The 146.2km third stage from Lobethal to the Uraidla is being touted as potentially one of the most difficult in recent race history, with the peloton set to complete seven laps of the finishing circuit.

“It’s going to be harder than these last two days, but we will see during the stage,” Sagan said.

The 28-year-old finished stage two yesterday third behind surprise winner and new race leader Patrick Bevin (CCC), with Australia’s Caleb Ewan (Lotto Soudal) second.

Bevin in ochre after TDU stage win
One day after a tactical play in the break to scrap bonus seconds for the overall, Patrick Bevin surprised himself winning stage two of the Tour Down Under that he now leads.

The trio were ahead of a crash that held-up most of the peloton and inconvenienced overnight race leader Elia Viviani (Deceuninck-Quick-Step), who settled for seventh place on the stinging uphill drag to Angaston.

“I think the more dangerous sprint was yesterday, today was more about legs,” said Sagan.

“The crash didn’t affect me.
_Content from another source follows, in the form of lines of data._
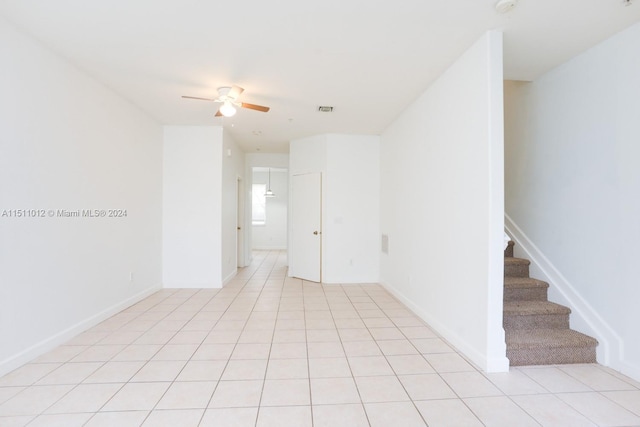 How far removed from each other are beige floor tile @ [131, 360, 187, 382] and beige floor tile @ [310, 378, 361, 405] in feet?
3.53

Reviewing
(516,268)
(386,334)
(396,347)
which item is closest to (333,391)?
(396,347)

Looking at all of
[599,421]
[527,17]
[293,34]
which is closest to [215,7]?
[293,34]

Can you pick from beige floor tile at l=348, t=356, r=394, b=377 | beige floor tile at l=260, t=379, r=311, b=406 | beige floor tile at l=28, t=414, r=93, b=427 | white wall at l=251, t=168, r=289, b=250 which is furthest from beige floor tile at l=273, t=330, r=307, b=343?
white wall at l=251, t=168, r=289, b=250

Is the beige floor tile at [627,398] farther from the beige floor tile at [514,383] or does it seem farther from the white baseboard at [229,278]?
the white baseboard at [229,278]

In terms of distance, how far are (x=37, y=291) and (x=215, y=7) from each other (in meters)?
2.74

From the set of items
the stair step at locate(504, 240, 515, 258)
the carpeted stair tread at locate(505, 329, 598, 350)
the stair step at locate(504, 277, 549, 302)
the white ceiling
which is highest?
the white ceiling

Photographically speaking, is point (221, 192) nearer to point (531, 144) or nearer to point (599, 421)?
point (531, 144)

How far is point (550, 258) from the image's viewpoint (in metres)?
3.10

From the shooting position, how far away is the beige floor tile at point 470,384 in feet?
6.88

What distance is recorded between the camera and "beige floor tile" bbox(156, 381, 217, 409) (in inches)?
76.8

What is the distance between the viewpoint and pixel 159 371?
2373 millimetres

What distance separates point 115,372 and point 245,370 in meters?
1.00

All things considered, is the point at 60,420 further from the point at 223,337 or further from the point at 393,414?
the point at 393,414

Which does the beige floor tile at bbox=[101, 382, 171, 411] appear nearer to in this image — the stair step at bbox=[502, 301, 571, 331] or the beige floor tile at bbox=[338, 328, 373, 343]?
the beige floor tile at bbox=[338, 328, 373, 343] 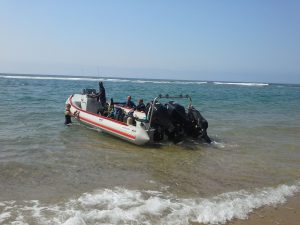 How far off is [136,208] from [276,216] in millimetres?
2104

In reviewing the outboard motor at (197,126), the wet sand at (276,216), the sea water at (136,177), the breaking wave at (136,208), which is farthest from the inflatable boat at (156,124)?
the wet sand at (276,216)

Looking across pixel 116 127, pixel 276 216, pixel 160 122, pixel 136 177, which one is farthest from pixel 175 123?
pixel 276 216

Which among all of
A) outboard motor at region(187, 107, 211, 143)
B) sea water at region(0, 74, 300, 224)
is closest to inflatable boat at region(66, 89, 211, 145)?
outboard motor at region(187, 107, 211, 143)

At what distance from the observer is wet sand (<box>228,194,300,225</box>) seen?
5.16 meters

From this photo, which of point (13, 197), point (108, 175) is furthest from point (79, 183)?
point (13, 197)

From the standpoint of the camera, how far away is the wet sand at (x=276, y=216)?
16.9 ft

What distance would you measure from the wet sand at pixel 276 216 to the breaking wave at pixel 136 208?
130mm

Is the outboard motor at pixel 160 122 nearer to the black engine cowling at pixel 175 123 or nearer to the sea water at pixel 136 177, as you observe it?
the black engine cowling at pixel 175 123

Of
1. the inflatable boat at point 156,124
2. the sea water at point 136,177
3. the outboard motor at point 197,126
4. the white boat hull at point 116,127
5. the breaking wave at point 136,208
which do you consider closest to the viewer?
the breaking wave at point 136,208

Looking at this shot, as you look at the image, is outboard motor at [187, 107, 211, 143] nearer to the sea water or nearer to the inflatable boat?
the inflatable boat

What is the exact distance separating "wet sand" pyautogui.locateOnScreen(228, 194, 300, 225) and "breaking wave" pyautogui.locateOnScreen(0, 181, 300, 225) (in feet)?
0.43

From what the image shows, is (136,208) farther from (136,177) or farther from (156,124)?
(156,124)

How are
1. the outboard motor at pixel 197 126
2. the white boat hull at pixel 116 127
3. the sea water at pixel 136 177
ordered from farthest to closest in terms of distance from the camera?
the outboard motor at pixel 197 126, the white boat hull at pixel 116 127, the sea water at pixel 136 177

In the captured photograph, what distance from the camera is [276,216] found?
5398 mm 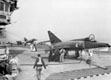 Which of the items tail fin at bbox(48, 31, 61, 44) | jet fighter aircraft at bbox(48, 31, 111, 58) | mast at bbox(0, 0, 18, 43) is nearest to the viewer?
jet fighter aircraft at bbox(48, 31, 111, 58)

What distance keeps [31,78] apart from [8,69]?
43.2 inches

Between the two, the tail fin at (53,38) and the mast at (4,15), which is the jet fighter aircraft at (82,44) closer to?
the tail fin at (53,38)

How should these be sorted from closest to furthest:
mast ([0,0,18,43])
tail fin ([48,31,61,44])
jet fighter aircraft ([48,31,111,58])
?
jet fighter aircraft ([48,31,111,58]), mast ([0,0,18,43]), tail fin ([48,31,61,44])

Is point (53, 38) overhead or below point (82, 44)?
overhead

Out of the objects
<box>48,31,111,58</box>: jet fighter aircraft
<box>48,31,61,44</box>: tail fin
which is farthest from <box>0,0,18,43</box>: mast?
<box>48,31,111,58</box>: jet fighter aircraft

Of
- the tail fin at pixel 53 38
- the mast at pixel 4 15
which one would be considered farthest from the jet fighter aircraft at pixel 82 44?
the mast at pixel 4 15

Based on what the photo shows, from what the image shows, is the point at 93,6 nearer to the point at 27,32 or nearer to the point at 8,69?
the point at 27,32

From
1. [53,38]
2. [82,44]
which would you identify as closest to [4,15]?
[53,38]

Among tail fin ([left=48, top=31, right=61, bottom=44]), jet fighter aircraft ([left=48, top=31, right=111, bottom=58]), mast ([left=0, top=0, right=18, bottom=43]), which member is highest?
mast ([left=0, top=0, right=18, bottom=43])

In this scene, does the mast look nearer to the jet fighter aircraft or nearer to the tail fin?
the tail fin

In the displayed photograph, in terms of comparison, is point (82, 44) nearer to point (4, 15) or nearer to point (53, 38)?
point (53, 38)

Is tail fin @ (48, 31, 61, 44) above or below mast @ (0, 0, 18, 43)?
below

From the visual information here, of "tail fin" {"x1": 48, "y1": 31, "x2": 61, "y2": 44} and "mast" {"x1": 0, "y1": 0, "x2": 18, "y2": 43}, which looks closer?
"mast" {"x1": 0, "y1": 0, "x2": 18, "y2": 43}

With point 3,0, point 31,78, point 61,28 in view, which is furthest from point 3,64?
point 3,0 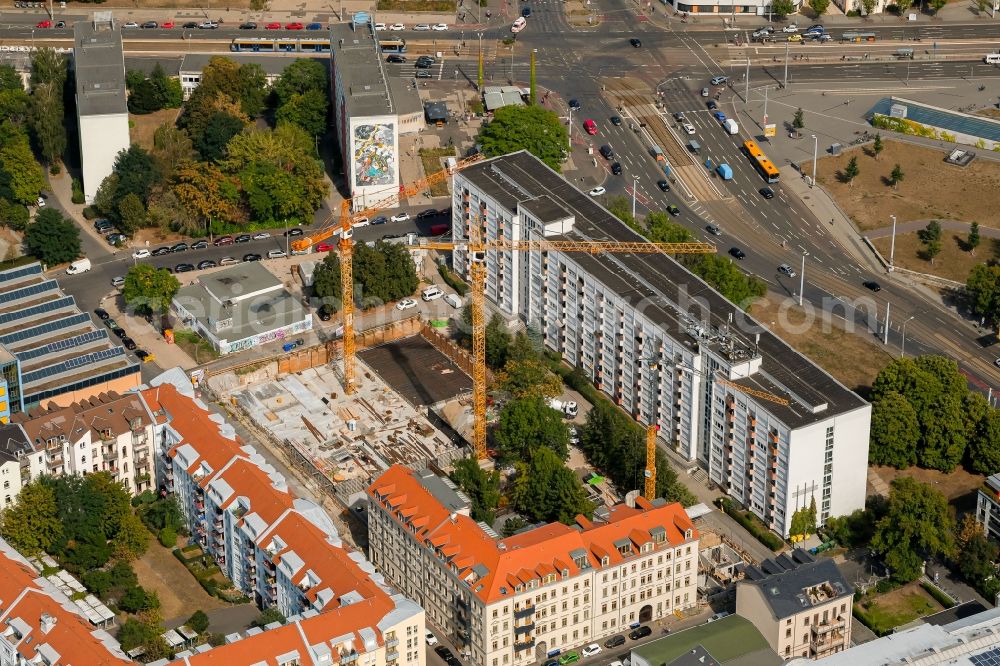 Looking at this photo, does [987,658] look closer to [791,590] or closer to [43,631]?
[791,590]

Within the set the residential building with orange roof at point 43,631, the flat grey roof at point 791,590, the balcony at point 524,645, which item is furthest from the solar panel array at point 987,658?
the residential building with orange roof at point 43,631

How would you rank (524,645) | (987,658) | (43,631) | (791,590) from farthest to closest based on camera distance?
(524,645)
(791,590)
(987,658)
(43,631)

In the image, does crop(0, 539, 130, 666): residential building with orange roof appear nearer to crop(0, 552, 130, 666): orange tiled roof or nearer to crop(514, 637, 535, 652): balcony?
crop(0, 552, 130, 666): orange tiled roof

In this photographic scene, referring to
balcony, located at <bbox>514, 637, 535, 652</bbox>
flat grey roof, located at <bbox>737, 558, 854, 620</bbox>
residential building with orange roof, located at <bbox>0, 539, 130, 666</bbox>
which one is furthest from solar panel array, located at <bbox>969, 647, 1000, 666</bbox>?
residential building with orange roof, located at <bbox>0, 539, 130, 666</bbox>

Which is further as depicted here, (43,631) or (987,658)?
(987,658)

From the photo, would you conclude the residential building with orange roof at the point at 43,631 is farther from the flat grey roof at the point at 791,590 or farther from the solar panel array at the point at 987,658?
the solar panel array at the point at 987,658

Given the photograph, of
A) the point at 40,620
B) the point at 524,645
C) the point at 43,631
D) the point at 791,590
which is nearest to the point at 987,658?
the point at 791,590

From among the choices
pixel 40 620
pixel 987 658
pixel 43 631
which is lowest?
pixel 987 658

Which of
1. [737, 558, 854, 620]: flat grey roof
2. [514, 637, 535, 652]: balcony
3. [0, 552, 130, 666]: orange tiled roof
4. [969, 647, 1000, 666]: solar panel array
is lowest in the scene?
[514, 637, 535, 652]: balcony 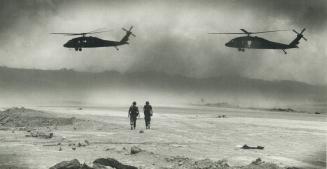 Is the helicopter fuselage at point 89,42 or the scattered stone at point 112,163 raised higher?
the helicopter fuselage at point 89,42

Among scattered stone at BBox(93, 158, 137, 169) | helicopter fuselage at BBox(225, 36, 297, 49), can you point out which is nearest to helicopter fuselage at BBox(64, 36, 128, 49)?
helicopter fuselage at BBox(225, 36, 297, 49)

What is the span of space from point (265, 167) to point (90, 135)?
15.1 metres

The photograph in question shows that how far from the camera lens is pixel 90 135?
97.8ft

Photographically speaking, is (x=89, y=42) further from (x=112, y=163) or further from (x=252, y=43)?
(x=112, y=163)

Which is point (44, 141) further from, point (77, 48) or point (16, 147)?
point (77, 48)

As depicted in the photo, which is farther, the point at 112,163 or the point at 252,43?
the point at 252,43

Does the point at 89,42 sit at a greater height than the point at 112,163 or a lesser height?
greater

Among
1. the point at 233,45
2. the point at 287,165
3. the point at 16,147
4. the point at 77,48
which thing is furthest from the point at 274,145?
the point at 77,48

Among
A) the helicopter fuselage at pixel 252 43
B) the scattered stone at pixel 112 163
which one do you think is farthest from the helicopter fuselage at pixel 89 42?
the scattered stone at pixel 112 163

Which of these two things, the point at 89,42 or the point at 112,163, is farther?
the point at 89,42

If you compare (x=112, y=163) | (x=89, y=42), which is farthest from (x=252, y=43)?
(x=112, y=163)

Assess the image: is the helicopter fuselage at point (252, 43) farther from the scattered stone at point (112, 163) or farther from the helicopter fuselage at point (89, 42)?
the scattered stone at point (112, 163)

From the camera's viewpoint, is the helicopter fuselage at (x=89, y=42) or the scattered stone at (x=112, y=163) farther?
the helicopter fuselage at (x=89, y=42)

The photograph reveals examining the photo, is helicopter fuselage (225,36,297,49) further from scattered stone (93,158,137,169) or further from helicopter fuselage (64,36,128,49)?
scattered stone (93,158,137,169) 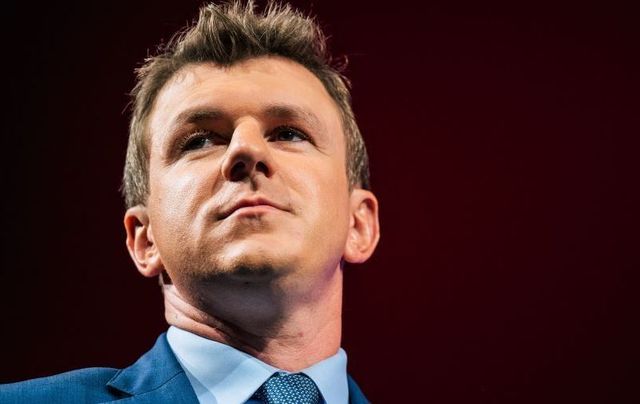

I think somebody touched my back wheel, but I don’t know who it was.”

The sprinters weren’t guaranteed a shot at line honours on a finish that has previously tailored to puncheurs. Sagan didn’t respond to an attack from Luis Leon Sanchez (Astana), who Bevin said he used as a “springboard” to the line.

“I just stayed behind Bevin. He won I think very easy, he had good legs,” Sagan said.